Namena Lala

Geography
- Location: Koro Sea South Pacific Ocean
- Coordinates: 17°06′36″S 179°06′00″E﻿ / ﻿17.11000°S 179.10000°E
- Archipelago: Vanua Levu Group
- Area: 4 km^{2} (1.5 sq mi)
- Highest elevation: 105 m (344 ft)

Administration
- Fiji
- Division: Northern Division
- Province: Bua
- District: Wainunu

= Namena Lala =

Volcanic islet in Fiji

Namena Lala (sometimes spelt Namenalala) is a volcanic islet in Fiji, an outlier to the northern island of Vanua Levu (off Wainunu Bay), 24 km away. Situated at 17.11° South and 179.10° East, it covers an area of 4 km2. Its maximum altitude is 105 m. The island is the site of the 0.44 km2 Namenalala Island resort and nature reserve.
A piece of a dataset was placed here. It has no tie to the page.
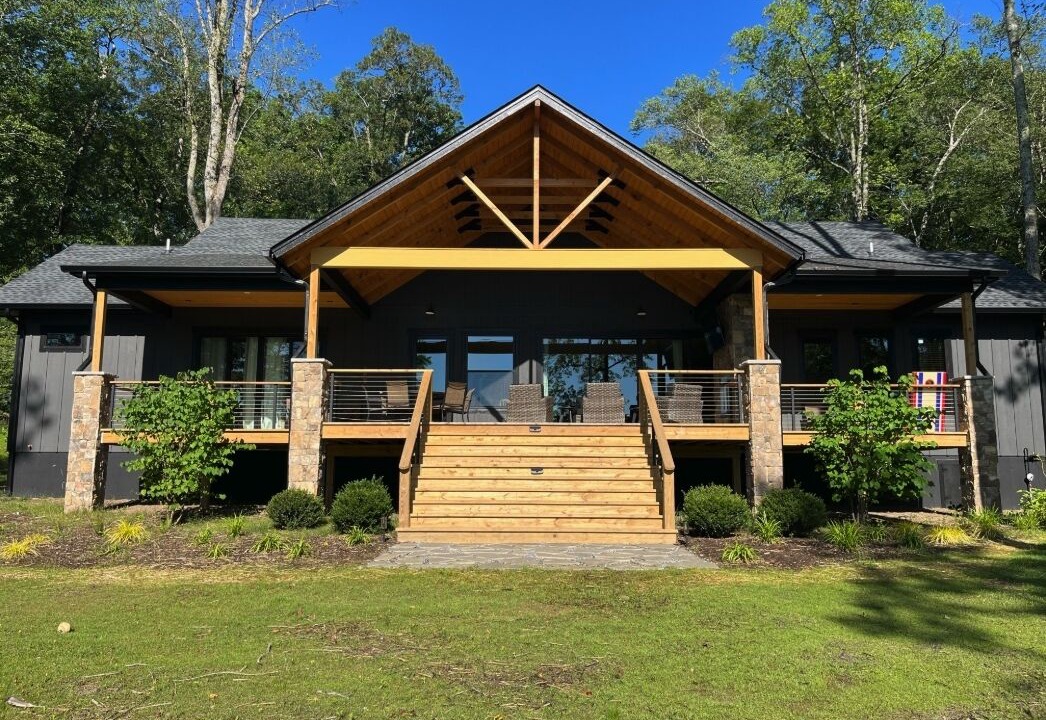 Photo of Outdoor in Mills River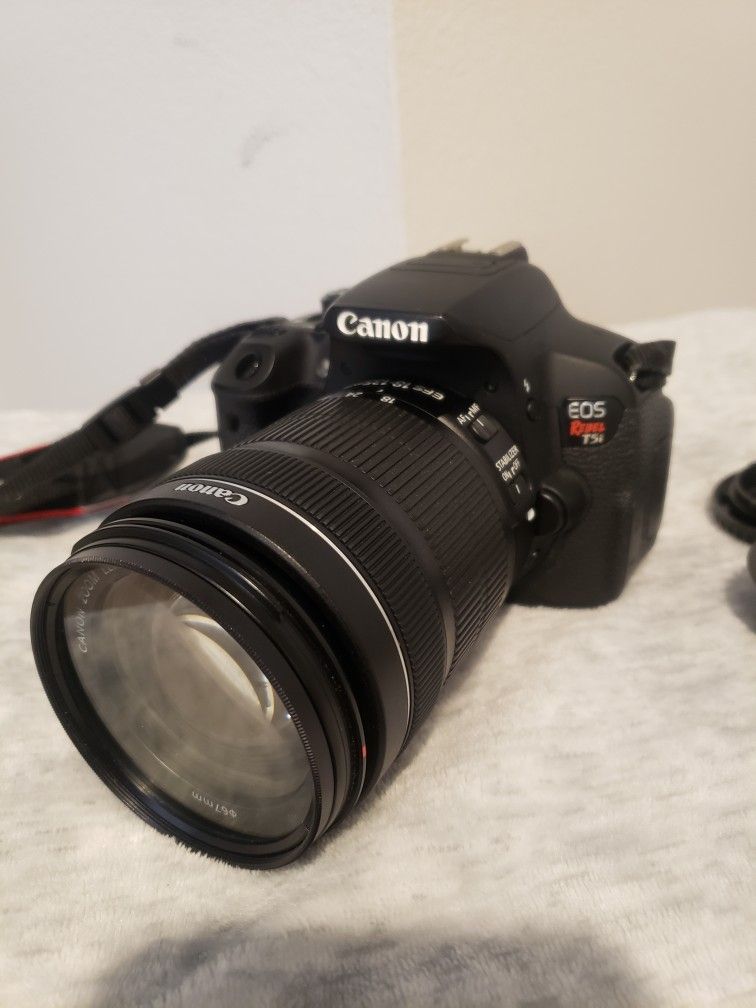 Canon EOS Rebel T5i 18.0 MP Camcorder Kits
A 52 ha area of the island is the Namenalala Important Bird Area. It supports a population of vulnerable Shy Ground-dove. The sea bird nesting colony and beach forest of the island contribute to its national significance as outlined in Fiji's Biodiversity Strategy and Action Plan.

==Cyclone Winston==
In February 2016, tropical Cyclone Winston hit Namena and caused huge damage to the island and its reef. However, the reef had recovered itself in a couple of years time.